Are You Clinging to the Promise of an Unlived Life?
“If only” must be two of the saddest words in the human language.
Maybe you know someone like my friend Jane. From time to time, she falls into a funk about how different her life could have been, if only she’d finished college, hadn’t gotten pregnant, and married so young.
There would have been a successful career, travel, and opportunities to make a real difference in the world.
She would have had more, been more.
Whether or not she really would have done these things is irrelevant to the story, what matters is that the promise of this unlived life has become a part of who she is.
In a very real way, it provides her with the sense of certainty she needs to know that she is capable of so much more and would have achieved these wonderful things if only life hadn’t gotten in the way.
You need to stop clinging to the old story about what might have been, so you can use the energy to become the person you are meant to be.
The Nature of Our Unlived Life
While the remorse we feel for a mistake or flawed decision is all too real, there is at least the opportunity to learn and grow from the experience.
But regret for things not done or chances not taken is much harder to reconcile, especially when we find ourselves going through a rough patch.
We can’t help but wonder how much better life would be had we taken a different path.
What if you had pursued your passion instead of opting for the security of a traditional job?
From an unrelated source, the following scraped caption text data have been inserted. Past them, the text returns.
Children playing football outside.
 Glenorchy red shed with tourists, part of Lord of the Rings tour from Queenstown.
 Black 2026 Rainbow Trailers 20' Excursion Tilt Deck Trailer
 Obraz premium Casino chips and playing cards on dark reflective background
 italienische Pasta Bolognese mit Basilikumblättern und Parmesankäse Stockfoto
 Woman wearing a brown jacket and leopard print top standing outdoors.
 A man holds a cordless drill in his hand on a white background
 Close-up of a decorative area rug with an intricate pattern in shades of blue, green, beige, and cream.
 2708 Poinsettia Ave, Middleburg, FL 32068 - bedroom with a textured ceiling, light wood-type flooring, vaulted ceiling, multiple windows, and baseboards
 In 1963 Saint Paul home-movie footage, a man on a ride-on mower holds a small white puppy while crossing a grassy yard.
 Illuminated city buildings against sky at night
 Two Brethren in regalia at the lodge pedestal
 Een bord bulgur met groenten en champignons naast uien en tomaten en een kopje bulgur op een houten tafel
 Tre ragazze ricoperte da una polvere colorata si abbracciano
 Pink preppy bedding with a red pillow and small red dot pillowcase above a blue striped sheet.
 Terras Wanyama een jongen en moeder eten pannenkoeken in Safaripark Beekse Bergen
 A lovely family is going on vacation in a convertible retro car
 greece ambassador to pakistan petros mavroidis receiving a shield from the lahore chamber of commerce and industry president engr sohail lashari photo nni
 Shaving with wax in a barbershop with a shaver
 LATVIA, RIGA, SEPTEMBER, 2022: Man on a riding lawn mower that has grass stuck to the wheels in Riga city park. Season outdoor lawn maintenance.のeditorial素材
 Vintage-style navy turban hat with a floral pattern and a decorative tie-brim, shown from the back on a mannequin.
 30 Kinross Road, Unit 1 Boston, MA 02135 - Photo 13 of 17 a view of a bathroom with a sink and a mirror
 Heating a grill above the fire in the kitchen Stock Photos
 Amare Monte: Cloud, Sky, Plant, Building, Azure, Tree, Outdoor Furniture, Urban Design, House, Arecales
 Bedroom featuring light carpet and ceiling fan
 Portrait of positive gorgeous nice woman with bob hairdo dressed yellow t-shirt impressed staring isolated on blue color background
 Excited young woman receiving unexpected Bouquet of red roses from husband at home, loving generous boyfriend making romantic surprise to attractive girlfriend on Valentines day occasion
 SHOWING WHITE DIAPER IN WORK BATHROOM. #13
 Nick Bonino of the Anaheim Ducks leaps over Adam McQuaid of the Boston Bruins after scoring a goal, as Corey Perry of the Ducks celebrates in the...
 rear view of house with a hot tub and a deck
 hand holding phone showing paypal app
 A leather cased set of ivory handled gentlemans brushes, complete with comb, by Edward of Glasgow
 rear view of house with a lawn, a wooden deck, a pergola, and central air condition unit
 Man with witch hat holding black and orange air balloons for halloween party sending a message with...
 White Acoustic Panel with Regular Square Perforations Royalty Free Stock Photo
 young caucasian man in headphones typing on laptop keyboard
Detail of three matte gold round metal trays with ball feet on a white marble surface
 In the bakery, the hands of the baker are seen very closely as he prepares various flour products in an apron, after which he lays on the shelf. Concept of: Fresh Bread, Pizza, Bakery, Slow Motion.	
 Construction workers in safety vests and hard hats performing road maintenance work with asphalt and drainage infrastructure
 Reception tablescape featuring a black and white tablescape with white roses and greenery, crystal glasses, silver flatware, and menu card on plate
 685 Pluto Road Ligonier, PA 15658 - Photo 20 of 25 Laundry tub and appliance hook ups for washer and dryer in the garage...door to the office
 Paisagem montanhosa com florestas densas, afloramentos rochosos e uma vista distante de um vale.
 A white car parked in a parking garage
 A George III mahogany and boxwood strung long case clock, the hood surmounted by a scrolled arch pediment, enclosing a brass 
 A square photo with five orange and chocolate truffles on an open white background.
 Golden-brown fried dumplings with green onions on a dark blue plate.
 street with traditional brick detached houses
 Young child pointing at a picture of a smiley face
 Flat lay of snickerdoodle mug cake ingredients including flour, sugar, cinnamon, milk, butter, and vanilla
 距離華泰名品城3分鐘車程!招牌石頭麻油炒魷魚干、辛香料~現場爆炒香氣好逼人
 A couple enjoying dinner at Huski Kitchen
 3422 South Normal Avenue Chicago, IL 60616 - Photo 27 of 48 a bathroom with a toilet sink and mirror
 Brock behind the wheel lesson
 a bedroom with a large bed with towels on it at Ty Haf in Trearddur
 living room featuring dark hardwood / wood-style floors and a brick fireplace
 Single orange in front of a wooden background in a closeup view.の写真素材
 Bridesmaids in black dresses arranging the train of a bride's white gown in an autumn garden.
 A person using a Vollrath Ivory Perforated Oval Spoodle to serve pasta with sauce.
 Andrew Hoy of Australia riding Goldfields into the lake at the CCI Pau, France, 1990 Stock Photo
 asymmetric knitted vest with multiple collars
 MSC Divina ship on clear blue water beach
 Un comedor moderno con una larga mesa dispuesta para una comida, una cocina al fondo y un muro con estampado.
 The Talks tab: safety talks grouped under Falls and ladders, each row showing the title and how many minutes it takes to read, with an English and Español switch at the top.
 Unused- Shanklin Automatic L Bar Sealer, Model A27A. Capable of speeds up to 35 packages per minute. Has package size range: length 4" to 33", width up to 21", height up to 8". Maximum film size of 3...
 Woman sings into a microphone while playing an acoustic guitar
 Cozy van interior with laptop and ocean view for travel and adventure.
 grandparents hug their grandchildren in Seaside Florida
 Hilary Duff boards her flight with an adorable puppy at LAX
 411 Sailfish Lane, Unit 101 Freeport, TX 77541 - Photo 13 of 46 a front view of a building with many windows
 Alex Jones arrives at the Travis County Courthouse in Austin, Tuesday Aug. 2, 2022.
How different would life be if you had been able to afford college instead of having to quit school to help support your family?
Yes, life would have been different, but would it really have been better?
There is no way to know.
The harsh truth is that the stories we tell ourselves about what might have been are based on little more than supposition and fantasy.
More importantly, the longer you live with your story the harder it’s going to be to let it go because, just like the friend I described above, in time it becomes a part of who you are.
A Turning Point
Holding on to the emotional pain of an unlived life by replaying the “what might have been” story, again and again, will eventually suck the life right out of you.
Change begins with you.
At any time you have the power within you to create a new and better story by shifting your energy from dwelling in the past to accepting the endless possibilities of the future.
Begin by taking some time to clarify your thoughts and feelings. You could write in a journal, talk to a trusted friend or your pastor.
Once you have a good sense of the story that’s been holding you back, I highly recommend that you create an event to define this as a turning point.
For example, grab some paper, and with as much detail and emotion as you can muster write the story you want to let go of. Cry, vent your anger, say the things you’ve been holding back, whatever it takes to finally get all that sludge out of your system once and for all!
When you are ready, fold the paper(s) up, place it in a container, and burn it until there is nothing left but ashes, then toss it into the wind.
This ritual represents your line in the sand, the point at which you are finally free to begin moving forward with your life.
Clinging to baggage from the past leaves you no room to create happiness in the future.
The choice is yours to make.
You can decide right now, today, to not waste another precious moment of your life clinging to fantasy when the real thing is so much better!